Fifth is an assumption about causation -- that causation is a feature of statistical relationships among variables rather than a feature involving causal necessity or causal mechanisms. This is a Humean approach to causation, and it leads positivist social scientists to restrict their attention to causal regularities rather than looking for real causal mechanisms.

Finally, there is a sixth premise that has also created debate but seems less intrusive to the practice of innovative social science -- the insistence on the fact-value distinction. "Positive" science has to do with the discovery of facts, whereas ethics or policy stidies have to do with values.

Do these assumptions necessarily travel together? Not necessarily, though there are some internal logical connections among them that make it more difficult to imagine them standing completely independently. But it appears to be a characteristic of the observed sociology of science for an important stream of twentieth-century social science research, that these features are clustered together. And many critics argue that these assumptions have created blinders for social-science researchers, limiting their originality in theories, concepts, and explanations of the social world.

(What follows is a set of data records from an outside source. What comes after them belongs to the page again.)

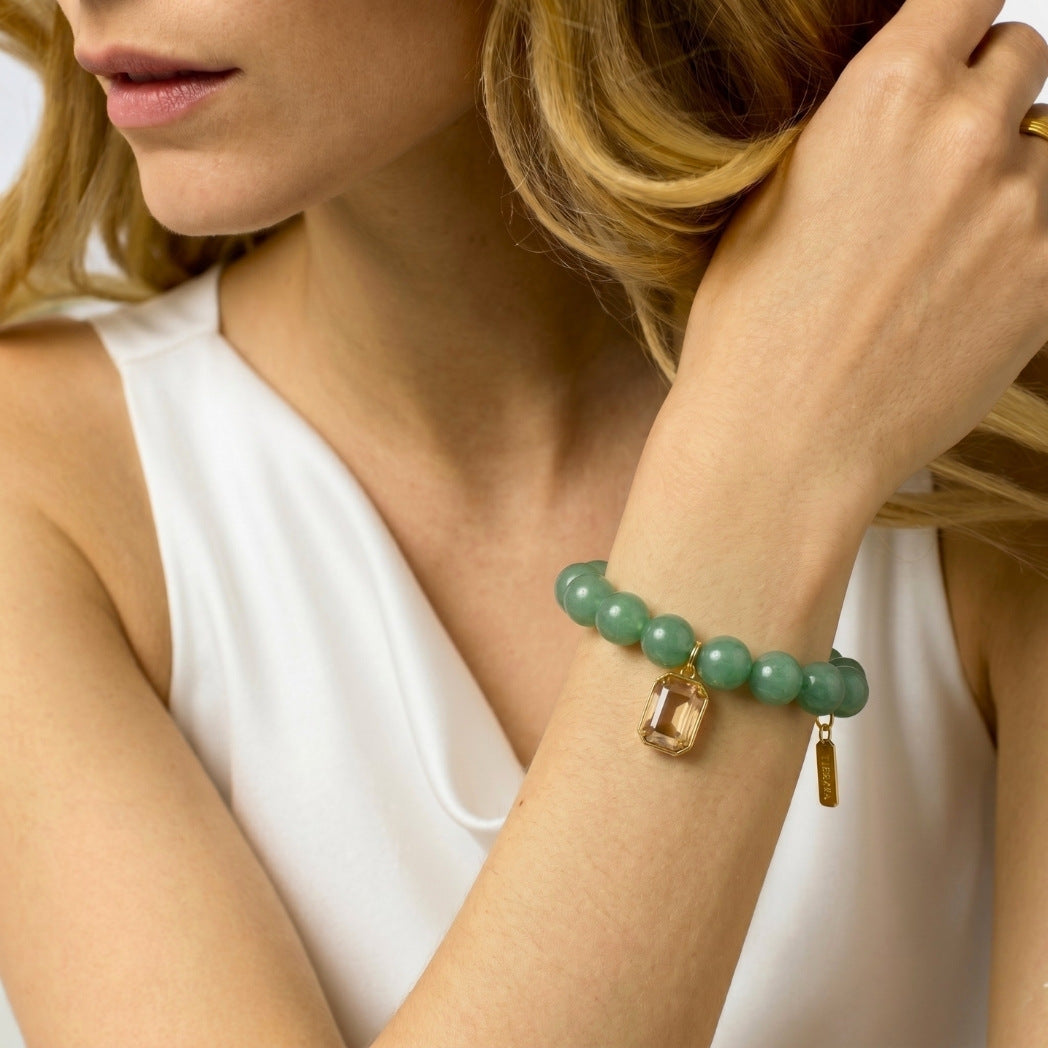 Woman wearing a green beaded bracelet with gold accents on a neutral background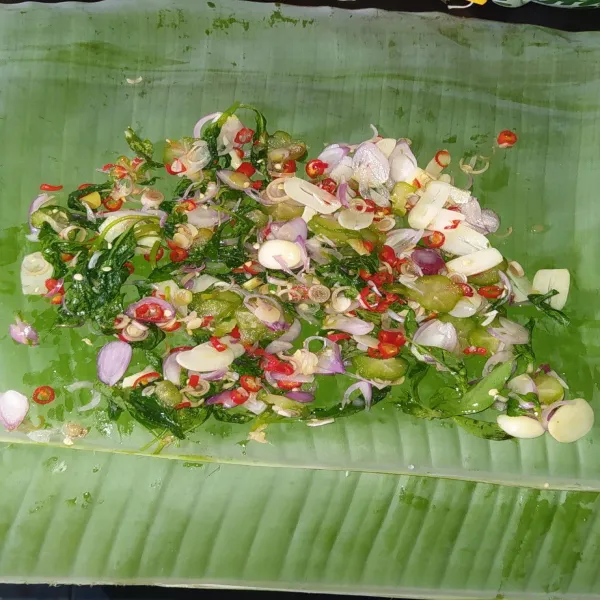 Siapkan 2 lembar daun pisang, ratakan 1/2 bumbu iris di atasnya.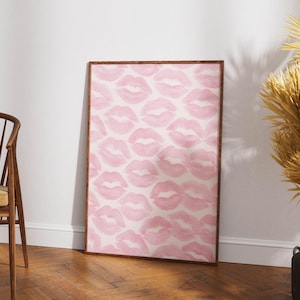 May include: A framed art print featuring a pattern of pink lips on a white background. The artwork is displayed in a room with a wooden floor and a wooden chair. The print has a brown frame.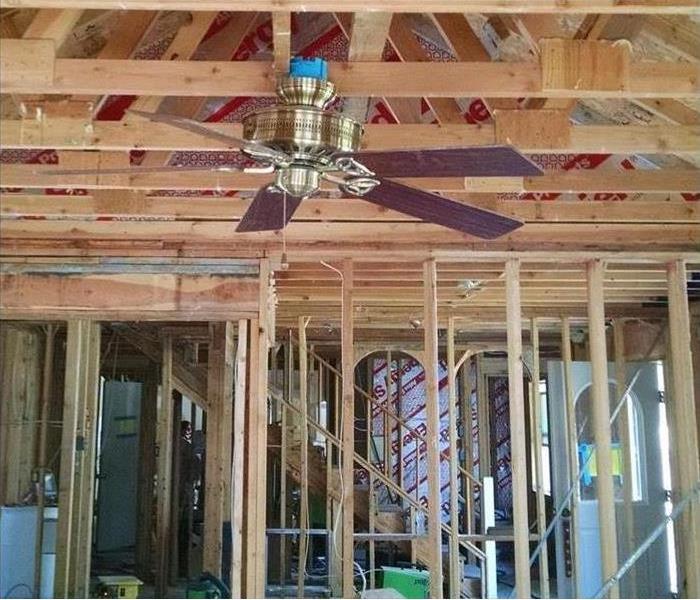Fan Hanging from ceiling and house frame 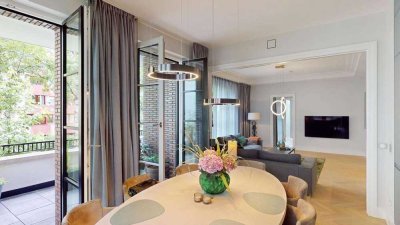 Architektonisches Meisterstück in Bestlage - Stadtwohnung mit Sauna und Ruheoase mit Gartenblick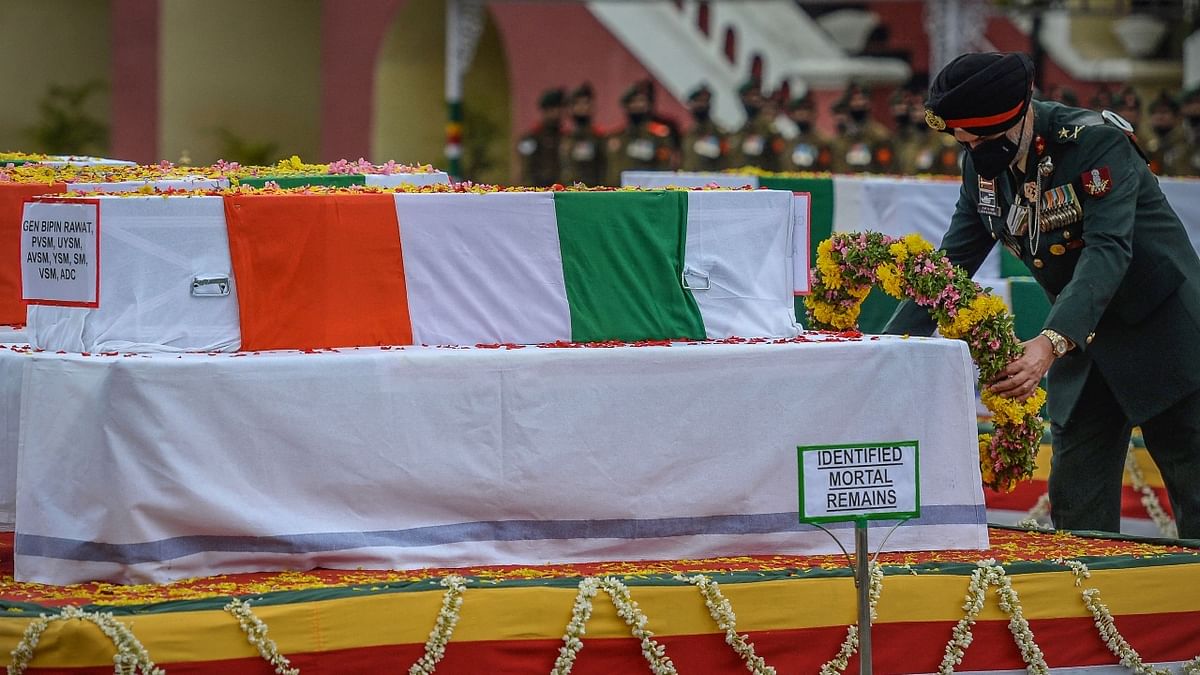 An Army officer pay respect to Indian defence chief General Bipin Rawat during a military funeral ceremony at the Madras regimental Center in Wellington, Tamil Nadu. Credit: AFP Photo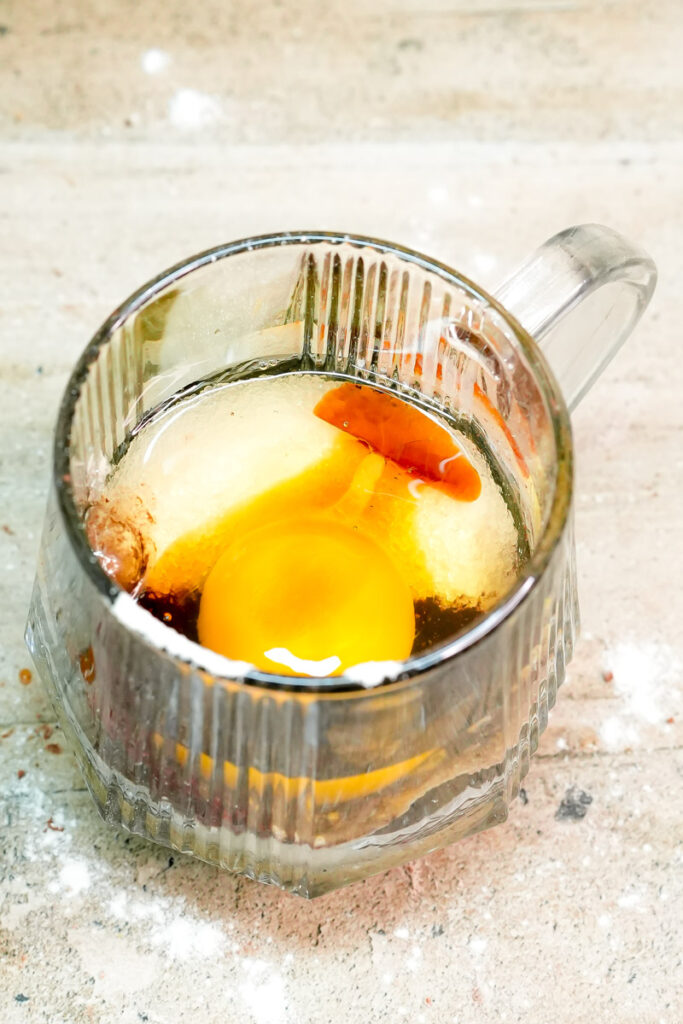 Adding vanilla extract to the chocolate mug cake batter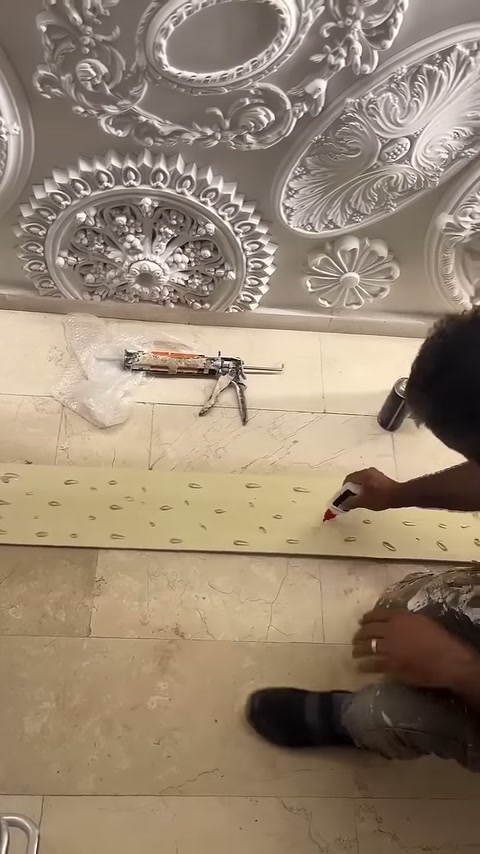 Usta panelin açık renkli arka yüzünde yapıştırma hazırlığını tamamlıyor.
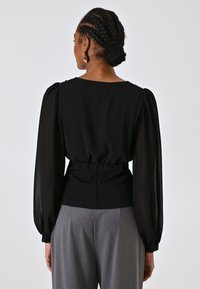 Blusa nera con maniche a palloncino e vita aderente, realizzata in un tessuto morbido. Abbinata a pantaloni grigi a vita alta, con dettagli arricciati sottili sul retro.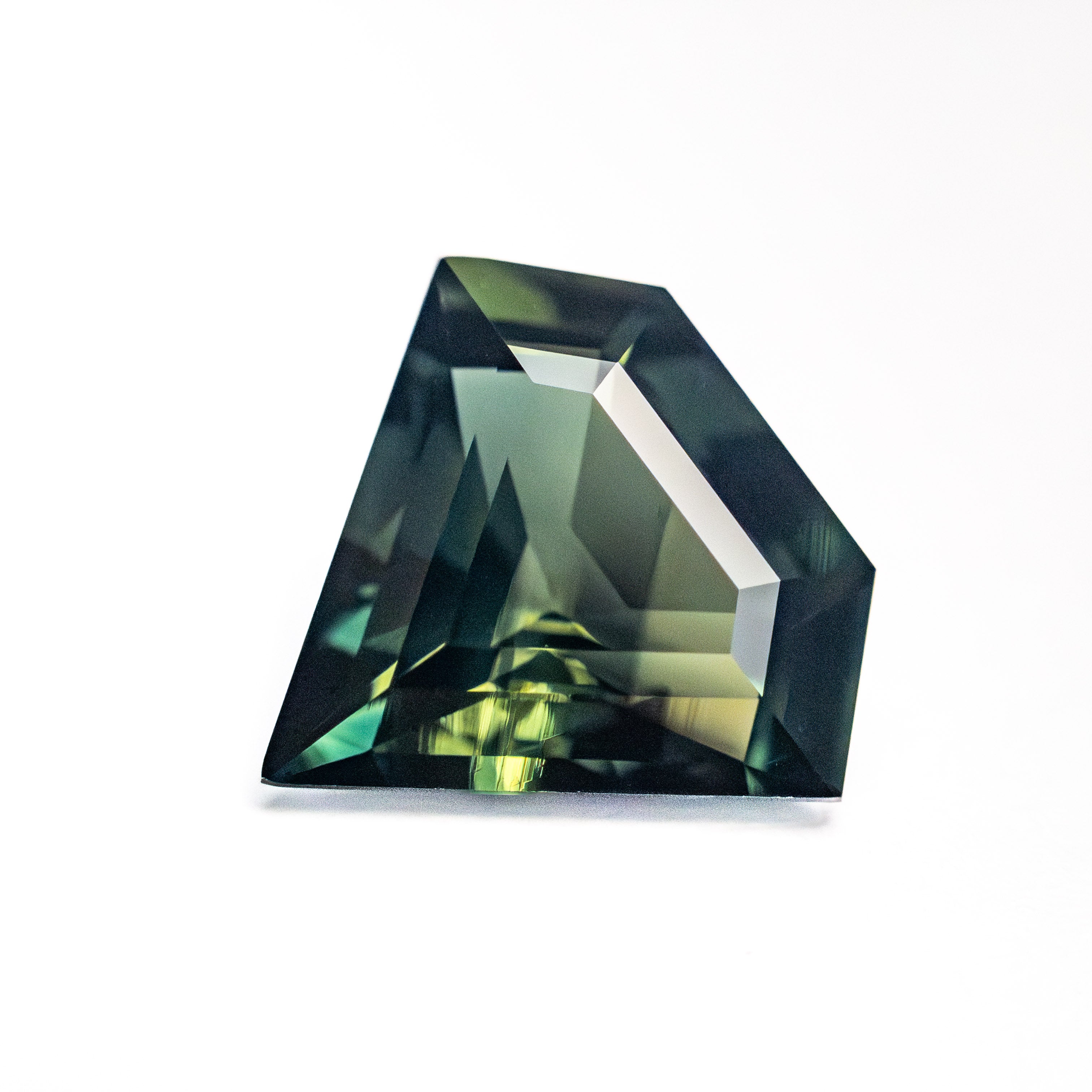 2.84ct 9.76x10.81x4.72mm Shield Step Cut Sapphire 26727-01-Staghead Designs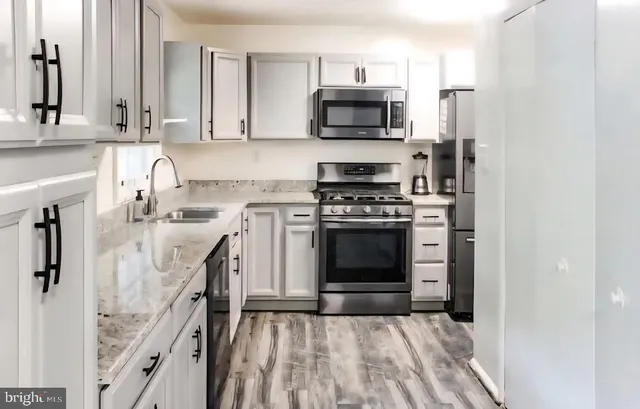 a kitchen with stainless steel appliances a stove a sink and a microwave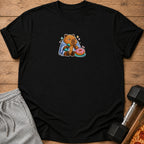 Black t-shirt with a cartoon capybara holding a dumbbell and eating a donut.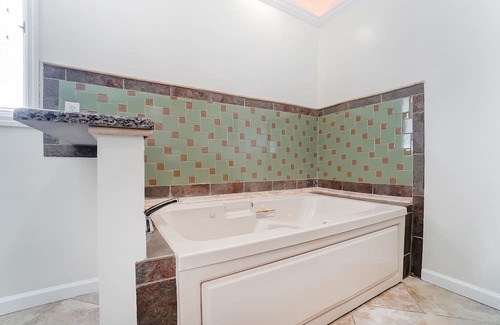 Charlotte House | Unwind at The Escape: Heated Pool & Pet-Friendly Bliss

Critics of positivist social science ask us to consider a broader space of possibilities for research and theory formation in the social sciences. Taking the premise of scientific rationality as a given, what would a philosophy of social science look like that questioned the other premises on this list? What is a "post-positivist realism" for the social sciences?
  • It is realist about causation; it affirms the scientific validity of seeking for real social mechanisms.
  • It advocates for a conception of scientific explanation that hinges on the discovery of real causal connections among features of the social world.
  • It is pluralistic about method; it acknowledges that there are multiple rationally supportable methods of inquiry in the social sciences, and multiple forms that social-science knowledge can take.
  • It is even-handed among quantitative, qualitative, comparative, and narrative approaches to social inquiry and social explanation.
  • It is anti-reductionist and anti-naturalistic: it does not presuppose that various areas of the social sciences should be reducible to some other, more fundamental scientific theory; and it does not presuppose that the social sciences should resemble the natural sciences.
  • And, finally, it is fully committed to the positive features of rationality that were mentioned above: the scientific virtues of conceptual clarity and empirical-rational justification for scientific beliefs.
This set of alternatives opens up the space of the social sciences quite dramatically; it permits a wide and pluralistic range of inquiries to proceed, without the requirement of theoretical or methodological unity. And this frees researchers to arrive at accounts of their domains of research that are well suited to the particulars of these domains.

In a later posting I will come back to an important contribution to this debate, George Steinmetz's The Politics of Method in the Human Sciences: Positivism and Its Epistemological Others.



1 comment:

Simon said...

Finally, there is a sixth premise that has also created debate but seems less intrusive to the practice of innovative social science -- the insistence on the fact-value distinction. "Positive" science has to do with the discovery of facts, whereas ethics or policy stidies have to do with values.

I agree with pretty much everything you've written, but I tend to think that this is a fairly major point and you gloss over it. A corollary to the fact-value distinction is the ontological nature of theories. As positivists believe theories describe the world, critics of positivism hold that theories also constitute the social world. It seems to me this raises fairly major questions about the political consequences of social science research.